Seperti terjadi di wilayah Kabupaten Magelang, seorang pegawai sebuah instansi pelayanan publik secara sadar telah melecehkan tamu. Apakah memang kebiasaan individu pegawai itu, atau sebuah cara protektif terhadap instansinya dari tamu yang belum dikenal.

Bacaan Lainnya

Kejadian dialami oleh seorang jurnalis yang hendak bertemu dengan pimpinan instansi, dengan maksud silaturahmi dan mengulik pelayanan publik yang dilakukan. Sehingga sang jurnalis bisa mendapatkan data dan fakta untuk bahan pemberitaan, bisa positif bisa pula negatif tergantung data faktual yang dihimpun.

Alih-alih mendapatkan data dan fakta, sang jurnalis justru mendapat perlakuan tak mengenakkan. Bahkan secara verbal terkesan meremehkan dan melecehkan profesi seorang wartawan.

Ketika sang jurnalis bertamu ke sebuah instansi secara baik, sopan, dan prosedural justru di “pintu utama” ini diremehkan. Saat menyodorkan kartu wartawan, tidak dicermati dengan jeli, namun justru mengeluarkan kalimat bernada meremehkan: ”Kalau hanya KTA saja saya juga bisa bikin!”. Duar! Inilah kalimat yang dianggap biasa, namun itu adalah godam bagi seorang yang berprofesi sebagai wartawan resmi dari sebuah media.

Memang secara umum siapapun bisa membuat sebuah KTA (Kartu Tanda Anggota), baik KTA instansi, lembaga, atau organisasi. Namun tentunya ada aturan, kapasitas, dan kompetensi yang menyertai kepemilikan KTA tersebut.

Seseorang yang ingin mendapatkan KTA wartawan, tentu harus memiliki kompetensi di bidang jurnalistik, memahami Undang-Undang Pers, memahami tugas dan kewajiban wartawan, ditambah patuh terhadap aturan dari media tempatnya berkarya. Dengan demikian, tidak semua orang mampu memiliki Kartu Wartawan yang bisa dipertanggungjawabkan.

Perlakuan pegawai instansi yang secara verbal merendahkan martabat seorang jurnalis, jelas tidak bisa ditolerir. Wartawan yang belum dikenal kemudian dianggap ”Wartawan Abal-Abal” adalah keliru, dan merupakan tindakan diskriminatif.
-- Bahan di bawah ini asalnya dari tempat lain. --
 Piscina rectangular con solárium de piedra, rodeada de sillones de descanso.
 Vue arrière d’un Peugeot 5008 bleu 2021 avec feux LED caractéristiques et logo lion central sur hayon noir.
Dari kejadian ini, ada indikasi “doktrin” petinggi instansi di Magelang Raya dari tahun ke tahun telah mengakar. Sementara “doktrin” itu hanya menguntungkan pihak-pihak tertentu. Doktrin: “selain dari organisasi X, adalah wartawan abal-abal” sudah membudaya dari pimpinan instansi sehingga para pegawainya, dan sudah kronis. Meskipun pimpinan berganti, penggantinya akan melakukan hal yang sama, “mengkotak-kotakkan” wartawan.

Sudah saatnya, doktrin itu dilibas, bila tidak kejadian melecehkan wartawan khususnya di Magelang Raya akan terus berulang. Wartawan memiliki martabat, profesi wartawan bukan profesi untuk dilecehkan atau dianggap remeh.

Saatnya wartawan dari media apa pun, dari wadah apa pun bergerak, robohkan sekat, libas doktrin sesat yang ditanamkan di otak para pejabat. Apa pun wadahnya, wartawan tetap pilar demokrasi, serta elemen penting dalam bermasyarakat, berbangsa, dan bernegara.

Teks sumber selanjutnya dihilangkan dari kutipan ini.